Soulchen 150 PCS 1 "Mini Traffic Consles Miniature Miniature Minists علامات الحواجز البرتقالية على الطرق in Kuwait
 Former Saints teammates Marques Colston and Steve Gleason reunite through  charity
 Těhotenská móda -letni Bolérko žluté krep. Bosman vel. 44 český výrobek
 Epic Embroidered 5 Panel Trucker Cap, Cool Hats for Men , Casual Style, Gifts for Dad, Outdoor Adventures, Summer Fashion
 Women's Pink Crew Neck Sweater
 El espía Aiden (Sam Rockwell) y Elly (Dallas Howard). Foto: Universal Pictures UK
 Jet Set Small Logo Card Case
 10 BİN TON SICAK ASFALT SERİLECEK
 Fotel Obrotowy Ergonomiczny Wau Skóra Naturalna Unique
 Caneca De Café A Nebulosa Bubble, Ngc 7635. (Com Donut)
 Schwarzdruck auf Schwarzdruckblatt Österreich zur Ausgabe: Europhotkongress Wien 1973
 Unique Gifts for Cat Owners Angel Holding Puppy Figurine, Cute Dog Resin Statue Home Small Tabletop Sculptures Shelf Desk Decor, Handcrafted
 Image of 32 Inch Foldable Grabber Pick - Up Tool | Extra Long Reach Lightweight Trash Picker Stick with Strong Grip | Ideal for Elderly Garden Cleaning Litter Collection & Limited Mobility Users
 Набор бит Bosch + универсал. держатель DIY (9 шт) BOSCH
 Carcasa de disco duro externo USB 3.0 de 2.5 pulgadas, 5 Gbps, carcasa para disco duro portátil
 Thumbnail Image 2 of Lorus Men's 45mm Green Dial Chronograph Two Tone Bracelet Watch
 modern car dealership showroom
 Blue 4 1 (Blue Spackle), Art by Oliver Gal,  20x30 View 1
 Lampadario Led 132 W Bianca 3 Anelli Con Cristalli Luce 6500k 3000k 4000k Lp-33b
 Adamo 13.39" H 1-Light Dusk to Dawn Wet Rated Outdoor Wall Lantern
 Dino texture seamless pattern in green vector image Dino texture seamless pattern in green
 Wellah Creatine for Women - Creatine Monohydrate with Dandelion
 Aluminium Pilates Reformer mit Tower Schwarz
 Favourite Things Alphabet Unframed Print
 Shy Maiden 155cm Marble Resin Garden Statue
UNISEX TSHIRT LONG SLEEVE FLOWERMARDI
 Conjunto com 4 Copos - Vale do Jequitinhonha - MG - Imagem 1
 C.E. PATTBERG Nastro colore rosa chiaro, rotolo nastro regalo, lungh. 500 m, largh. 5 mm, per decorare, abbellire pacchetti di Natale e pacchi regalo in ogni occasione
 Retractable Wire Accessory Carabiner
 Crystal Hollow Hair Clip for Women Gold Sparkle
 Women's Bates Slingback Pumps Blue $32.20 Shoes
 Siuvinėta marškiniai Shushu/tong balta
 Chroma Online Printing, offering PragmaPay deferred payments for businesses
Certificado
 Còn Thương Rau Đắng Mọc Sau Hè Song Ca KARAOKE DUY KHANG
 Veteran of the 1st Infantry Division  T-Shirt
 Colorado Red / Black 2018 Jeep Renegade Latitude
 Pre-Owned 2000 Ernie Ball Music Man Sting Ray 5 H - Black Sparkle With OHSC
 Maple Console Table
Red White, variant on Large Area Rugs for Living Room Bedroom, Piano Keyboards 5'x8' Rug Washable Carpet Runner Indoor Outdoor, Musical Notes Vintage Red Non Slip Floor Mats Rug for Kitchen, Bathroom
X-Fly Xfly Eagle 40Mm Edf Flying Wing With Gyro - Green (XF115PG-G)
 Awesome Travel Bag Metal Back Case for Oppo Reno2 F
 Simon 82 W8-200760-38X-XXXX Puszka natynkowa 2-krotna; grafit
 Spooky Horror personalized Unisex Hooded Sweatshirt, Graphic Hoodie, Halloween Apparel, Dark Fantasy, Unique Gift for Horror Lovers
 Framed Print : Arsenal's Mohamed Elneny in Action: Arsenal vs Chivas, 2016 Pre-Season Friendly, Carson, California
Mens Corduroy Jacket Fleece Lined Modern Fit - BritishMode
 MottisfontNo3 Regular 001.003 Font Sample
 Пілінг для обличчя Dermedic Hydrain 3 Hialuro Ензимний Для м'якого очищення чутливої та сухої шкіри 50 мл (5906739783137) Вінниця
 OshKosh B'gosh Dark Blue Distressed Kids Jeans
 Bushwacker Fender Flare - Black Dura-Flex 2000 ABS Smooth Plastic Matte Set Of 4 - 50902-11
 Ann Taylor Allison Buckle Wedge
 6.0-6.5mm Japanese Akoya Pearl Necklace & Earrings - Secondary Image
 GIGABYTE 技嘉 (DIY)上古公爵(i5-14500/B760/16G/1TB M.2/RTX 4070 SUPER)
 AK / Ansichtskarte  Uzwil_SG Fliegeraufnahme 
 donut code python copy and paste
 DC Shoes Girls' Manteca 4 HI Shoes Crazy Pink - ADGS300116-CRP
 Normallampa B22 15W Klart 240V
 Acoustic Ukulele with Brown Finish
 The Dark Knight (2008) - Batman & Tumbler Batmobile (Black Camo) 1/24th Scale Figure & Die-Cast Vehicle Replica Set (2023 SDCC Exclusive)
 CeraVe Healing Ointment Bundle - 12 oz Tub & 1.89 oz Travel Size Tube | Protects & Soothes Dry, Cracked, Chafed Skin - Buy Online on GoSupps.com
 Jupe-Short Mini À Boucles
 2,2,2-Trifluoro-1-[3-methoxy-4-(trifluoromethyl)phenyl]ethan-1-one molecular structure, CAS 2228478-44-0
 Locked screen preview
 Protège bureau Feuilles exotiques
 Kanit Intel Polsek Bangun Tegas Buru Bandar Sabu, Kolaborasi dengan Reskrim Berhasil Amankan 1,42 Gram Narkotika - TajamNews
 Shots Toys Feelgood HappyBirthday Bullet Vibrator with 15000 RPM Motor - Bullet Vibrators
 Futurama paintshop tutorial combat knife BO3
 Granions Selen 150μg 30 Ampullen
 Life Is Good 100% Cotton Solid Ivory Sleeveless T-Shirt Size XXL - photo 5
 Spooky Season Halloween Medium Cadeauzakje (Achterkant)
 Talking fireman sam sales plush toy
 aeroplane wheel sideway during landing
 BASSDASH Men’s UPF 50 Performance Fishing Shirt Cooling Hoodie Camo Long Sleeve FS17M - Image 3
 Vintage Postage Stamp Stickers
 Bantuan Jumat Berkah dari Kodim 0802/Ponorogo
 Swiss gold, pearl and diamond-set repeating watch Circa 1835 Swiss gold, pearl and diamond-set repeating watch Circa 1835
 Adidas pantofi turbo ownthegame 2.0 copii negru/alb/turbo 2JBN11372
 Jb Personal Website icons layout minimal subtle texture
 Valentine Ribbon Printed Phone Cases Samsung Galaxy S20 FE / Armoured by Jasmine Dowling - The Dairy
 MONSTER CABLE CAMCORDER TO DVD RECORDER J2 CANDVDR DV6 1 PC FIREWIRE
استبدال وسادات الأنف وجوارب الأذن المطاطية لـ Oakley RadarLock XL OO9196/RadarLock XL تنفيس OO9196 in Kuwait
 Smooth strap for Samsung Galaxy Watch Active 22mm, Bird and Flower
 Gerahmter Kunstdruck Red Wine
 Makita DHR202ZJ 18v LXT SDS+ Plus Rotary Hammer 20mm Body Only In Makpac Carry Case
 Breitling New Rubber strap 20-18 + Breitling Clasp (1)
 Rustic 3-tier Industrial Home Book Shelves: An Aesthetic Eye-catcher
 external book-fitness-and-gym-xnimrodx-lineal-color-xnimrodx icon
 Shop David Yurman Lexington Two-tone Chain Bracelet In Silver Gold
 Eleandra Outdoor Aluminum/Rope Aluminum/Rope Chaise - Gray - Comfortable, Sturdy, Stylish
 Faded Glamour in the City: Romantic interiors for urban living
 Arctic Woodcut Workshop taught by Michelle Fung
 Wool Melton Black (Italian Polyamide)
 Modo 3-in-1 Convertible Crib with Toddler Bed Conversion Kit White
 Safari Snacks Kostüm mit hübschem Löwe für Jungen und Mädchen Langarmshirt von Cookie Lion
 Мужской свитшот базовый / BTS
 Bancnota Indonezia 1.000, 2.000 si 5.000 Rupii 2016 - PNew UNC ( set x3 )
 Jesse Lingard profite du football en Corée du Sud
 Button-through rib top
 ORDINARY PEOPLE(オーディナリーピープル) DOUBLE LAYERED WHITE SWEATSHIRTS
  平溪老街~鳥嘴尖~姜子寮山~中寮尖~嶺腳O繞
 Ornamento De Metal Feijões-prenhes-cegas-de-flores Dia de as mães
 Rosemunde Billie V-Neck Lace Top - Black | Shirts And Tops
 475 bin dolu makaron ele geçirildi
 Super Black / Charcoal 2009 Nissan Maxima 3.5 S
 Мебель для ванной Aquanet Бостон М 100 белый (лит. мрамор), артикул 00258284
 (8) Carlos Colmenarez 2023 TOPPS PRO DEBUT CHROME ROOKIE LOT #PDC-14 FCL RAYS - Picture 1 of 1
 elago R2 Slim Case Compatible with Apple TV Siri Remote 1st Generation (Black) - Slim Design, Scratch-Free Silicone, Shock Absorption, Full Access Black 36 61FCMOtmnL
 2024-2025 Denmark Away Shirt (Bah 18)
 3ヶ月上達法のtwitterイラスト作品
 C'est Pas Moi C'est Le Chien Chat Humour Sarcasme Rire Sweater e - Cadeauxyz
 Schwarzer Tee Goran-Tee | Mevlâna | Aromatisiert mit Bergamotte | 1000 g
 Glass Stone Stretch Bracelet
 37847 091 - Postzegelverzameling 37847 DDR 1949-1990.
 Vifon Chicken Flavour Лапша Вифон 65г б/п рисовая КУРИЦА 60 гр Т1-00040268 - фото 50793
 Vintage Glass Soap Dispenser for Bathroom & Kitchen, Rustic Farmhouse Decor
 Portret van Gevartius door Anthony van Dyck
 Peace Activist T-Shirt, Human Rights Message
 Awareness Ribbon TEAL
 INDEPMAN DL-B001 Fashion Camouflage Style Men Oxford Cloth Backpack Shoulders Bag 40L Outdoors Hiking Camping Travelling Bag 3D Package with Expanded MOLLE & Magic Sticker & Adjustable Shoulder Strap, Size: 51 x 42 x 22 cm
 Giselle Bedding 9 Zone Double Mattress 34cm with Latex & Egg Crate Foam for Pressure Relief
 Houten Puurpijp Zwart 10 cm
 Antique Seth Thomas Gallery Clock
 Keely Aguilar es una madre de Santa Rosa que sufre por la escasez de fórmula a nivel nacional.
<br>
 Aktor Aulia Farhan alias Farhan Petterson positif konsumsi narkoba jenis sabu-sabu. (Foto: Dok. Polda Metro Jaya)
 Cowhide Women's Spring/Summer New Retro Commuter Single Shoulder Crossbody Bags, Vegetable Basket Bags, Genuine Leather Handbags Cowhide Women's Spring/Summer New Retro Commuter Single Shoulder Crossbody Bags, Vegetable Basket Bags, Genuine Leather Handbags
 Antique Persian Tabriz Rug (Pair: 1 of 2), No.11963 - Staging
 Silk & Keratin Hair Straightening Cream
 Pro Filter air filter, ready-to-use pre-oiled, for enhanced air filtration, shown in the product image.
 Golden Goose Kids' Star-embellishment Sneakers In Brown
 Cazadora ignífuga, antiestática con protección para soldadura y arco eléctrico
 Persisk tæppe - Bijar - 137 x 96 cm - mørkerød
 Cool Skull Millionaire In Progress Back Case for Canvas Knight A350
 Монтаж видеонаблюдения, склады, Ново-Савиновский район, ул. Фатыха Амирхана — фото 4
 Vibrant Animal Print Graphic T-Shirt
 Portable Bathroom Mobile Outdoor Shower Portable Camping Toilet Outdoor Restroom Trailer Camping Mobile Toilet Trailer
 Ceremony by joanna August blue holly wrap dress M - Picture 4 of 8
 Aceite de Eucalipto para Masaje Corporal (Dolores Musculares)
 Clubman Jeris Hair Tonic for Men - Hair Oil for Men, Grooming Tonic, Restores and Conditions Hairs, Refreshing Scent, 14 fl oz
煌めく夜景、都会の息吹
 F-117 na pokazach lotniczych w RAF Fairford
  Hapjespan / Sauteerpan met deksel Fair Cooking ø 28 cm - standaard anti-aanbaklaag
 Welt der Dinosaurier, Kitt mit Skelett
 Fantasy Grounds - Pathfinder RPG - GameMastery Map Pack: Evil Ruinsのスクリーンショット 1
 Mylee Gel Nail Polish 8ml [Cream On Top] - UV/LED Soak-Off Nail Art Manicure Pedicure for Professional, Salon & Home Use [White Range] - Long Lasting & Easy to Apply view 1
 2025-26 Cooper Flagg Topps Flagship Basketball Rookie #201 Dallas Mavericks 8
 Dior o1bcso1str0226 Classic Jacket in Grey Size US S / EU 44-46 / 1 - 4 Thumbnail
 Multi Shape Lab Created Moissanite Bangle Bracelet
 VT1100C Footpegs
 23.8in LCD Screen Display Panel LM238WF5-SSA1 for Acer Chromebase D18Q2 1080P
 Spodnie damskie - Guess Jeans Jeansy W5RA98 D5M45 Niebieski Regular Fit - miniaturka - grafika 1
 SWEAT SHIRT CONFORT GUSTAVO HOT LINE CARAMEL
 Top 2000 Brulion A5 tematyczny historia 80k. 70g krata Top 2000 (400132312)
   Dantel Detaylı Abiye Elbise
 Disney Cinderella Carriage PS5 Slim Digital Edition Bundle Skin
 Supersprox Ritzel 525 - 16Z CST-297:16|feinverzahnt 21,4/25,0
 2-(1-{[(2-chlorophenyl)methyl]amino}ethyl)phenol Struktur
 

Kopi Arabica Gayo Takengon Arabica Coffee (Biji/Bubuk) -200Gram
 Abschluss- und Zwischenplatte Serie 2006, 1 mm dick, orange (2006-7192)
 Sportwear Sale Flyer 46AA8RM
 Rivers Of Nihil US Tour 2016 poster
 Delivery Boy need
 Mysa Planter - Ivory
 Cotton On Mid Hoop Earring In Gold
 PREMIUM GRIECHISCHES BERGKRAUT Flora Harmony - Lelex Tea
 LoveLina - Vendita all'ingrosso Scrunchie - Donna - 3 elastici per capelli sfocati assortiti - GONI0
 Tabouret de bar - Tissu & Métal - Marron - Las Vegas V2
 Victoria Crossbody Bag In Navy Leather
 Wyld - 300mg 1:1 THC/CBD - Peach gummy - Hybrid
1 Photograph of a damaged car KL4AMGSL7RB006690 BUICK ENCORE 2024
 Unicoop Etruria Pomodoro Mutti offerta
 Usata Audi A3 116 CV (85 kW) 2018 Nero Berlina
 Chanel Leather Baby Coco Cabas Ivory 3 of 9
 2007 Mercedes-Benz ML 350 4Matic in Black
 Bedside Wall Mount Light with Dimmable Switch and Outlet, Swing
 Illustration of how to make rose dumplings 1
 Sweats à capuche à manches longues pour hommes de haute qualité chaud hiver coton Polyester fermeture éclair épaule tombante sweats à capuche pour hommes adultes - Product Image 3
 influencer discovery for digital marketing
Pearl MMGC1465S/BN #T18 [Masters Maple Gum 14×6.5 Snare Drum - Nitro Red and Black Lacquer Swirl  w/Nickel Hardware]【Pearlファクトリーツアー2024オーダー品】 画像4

» Work item
Restate word for word the entries above from the line with "Peace Activist T-Shirt, Human Rights Message" through the line with "Aktor Aulia Farhan", inclusive, leaving out everything else.

» The completed task
 Peace Activist T-Shirt, Human Rights Message
 Awareness Ribbon TEAL
 INDEPMAN DL-B001 Fashion Camouflage Style Men Oxford Cloth Backpack Shoulders Bag 40L Outdoors Hiking Camping Travelling Bag 3D Package with Expanded MOLLE & Magic Sticker & Adjustable Shoulder Strap, Size: 51 x 42 x 22 cm
 Giselle Bedding 9 Zone Double Mattress 34cm with Latex & Egg Crate Foam for Pressure Relief
 Houten Puurpijp Zwart 10 cm
 Antique Seth Thomas Gallery Clock
 Keely Aguilar es una madre de Santa Rosa que sufre por la escasez de fórmula a nivel nacional.
<br>
 Aktor Aulia Farhan alias Farhan Petterson positif konsumsi narkoba jenis sabu-sabu. (Foto: Dok. Polda Metro Jaya)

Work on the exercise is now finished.